Tortorella: At one point, I even tried – I wore this hat to work, and there’s a scene where Carl is wearing a hat. He put this hat on, and I was like ooh – this hat’s not really it. You should try this hat on, Carl! And Carl was like, no I really like the hat that I have on. I go, okay cool [laughs]. I totally hear you, sorry!
But it goes beyond the wardrobe. Especially on an indie, you have a time, and an amount of pages, and a limit to what the day looks like. You have to show up and you have to make strong choices, and you’ve got to go with them. There really was a collaboration on this set. Because we all were so interested in telling this story, and a story that had never really been explored in film, there was such a deep, deep respect for the content and the narrative from the get. We all just showed up and were like, okay –how can we best bring this story to life? You know, after a couple of takes, we got what was on the page and then we got to explore some. To have that type of energy fostered on a set, is just, you know – that’s where the magic really comes alive.
The sort of expository device used throughout the film is a set of photographs. The Thomas character is a photographer, but did that idea spring from the character? How did you come up with that?
Vallentine: Danny always writes these prolific kinds of things. How do we incorporate that into a dramedy that can relate to everybody? Those became the voiceover moments, where we got an opportunity to look inside Thomas’s head. I think the photos were always just a device to help tell more of the story, to give little brief moments. I think it was partly because A, it was an interesting creative aspect, but also B, because we wanted to tell a lot bigger story, but we only had time and money to take some quick photos of this little particular moment. You know, we can’t film the funeral scene, it’s just a quick little thing.
I think that I pushed us in that direction as well, because I do come from a background of directing music videos, so music plays a crucial role in the film. I wanted these moments of the film that we could breathe with music, and I could push the viewer in a certain direction. So every choice that was made with the music, with those images, it was to try to push the audience in a certain direction.
The screening is this weekend. I’m sure you guys have seen it on a big screen at this point, but what is that feeling like?

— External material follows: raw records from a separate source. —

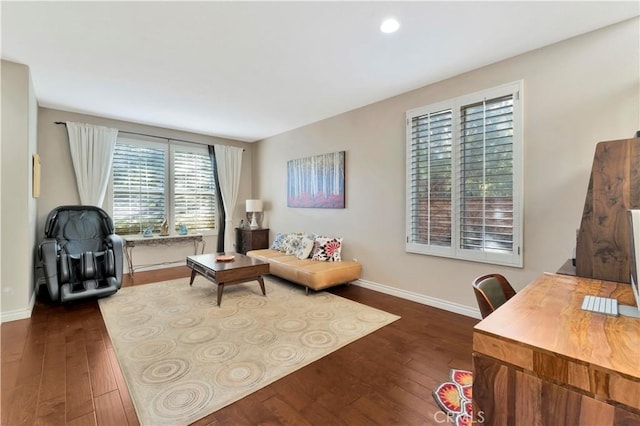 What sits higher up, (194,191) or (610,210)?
(194,191)

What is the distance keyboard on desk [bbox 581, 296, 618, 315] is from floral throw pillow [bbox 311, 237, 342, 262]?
3.11 meters

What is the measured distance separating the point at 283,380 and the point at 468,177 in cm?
268

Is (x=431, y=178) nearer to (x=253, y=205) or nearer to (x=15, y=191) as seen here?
(x=253, y=205)

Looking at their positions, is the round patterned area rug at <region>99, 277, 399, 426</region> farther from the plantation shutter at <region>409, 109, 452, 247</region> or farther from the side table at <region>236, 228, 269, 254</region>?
the side table at <region>236, 228, 269, 254</region>

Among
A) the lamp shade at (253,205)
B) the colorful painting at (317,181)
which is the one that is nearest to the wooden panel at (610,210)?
the colorful painting at (317,181)

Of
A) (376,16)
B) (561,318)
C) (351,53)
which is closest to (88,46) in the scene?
(351,53)

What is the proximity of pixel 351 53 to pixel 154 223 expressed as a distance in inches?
181

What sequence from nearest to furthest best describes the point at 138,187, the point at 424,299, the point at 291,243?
the point at 424,299 < the point at 291,243 < the point at 138,187

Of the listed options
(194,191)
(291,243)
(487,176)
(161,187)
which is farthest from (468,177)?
(161,187)

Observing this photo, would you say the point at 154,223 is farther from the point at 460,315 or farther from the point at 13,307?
the point at 460,315

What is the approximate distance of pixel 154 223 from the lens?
17.3 ft

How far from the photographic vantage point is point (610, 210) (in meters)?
1.69

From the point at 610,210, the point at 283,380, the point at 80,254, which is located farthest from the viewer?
the point at 80,254

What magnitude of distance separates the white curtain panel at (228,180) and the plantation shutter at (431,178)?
157 inches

Tortorella: It’s so cool. I’ve only seen it once on a large screen, and that was actually my second time watching it all the way through. Tonight, we’re actually in Chicago, which is my home. I’ve seven family members coming to watch it in a theater tonight, which will be interesting, to say the least. This isn’t really their genre. They haven’t ever seen me in a role quite like this, both in terms of storyline, and also just I’m pretty much every frame of the movie. So to have them there for this movie tonight, and to be home, and to be in this theater that I have a close relationship with, it’s just really special. This story feels like it brings people together, and when there is a large theater full of people – especially at a queer film festival – that appreciate this content and are craving more of this type of story, it’s unbelievable. The love that grows in this room as the movie progresses is just so special. We can’t wait to be there with you guys this weekend too.
Vallentine: I think there’s nothing better than sitting and watching an audience laugh and cry with your film. So I’m really taking enjoyment in all of these festivals, to be able to experience that.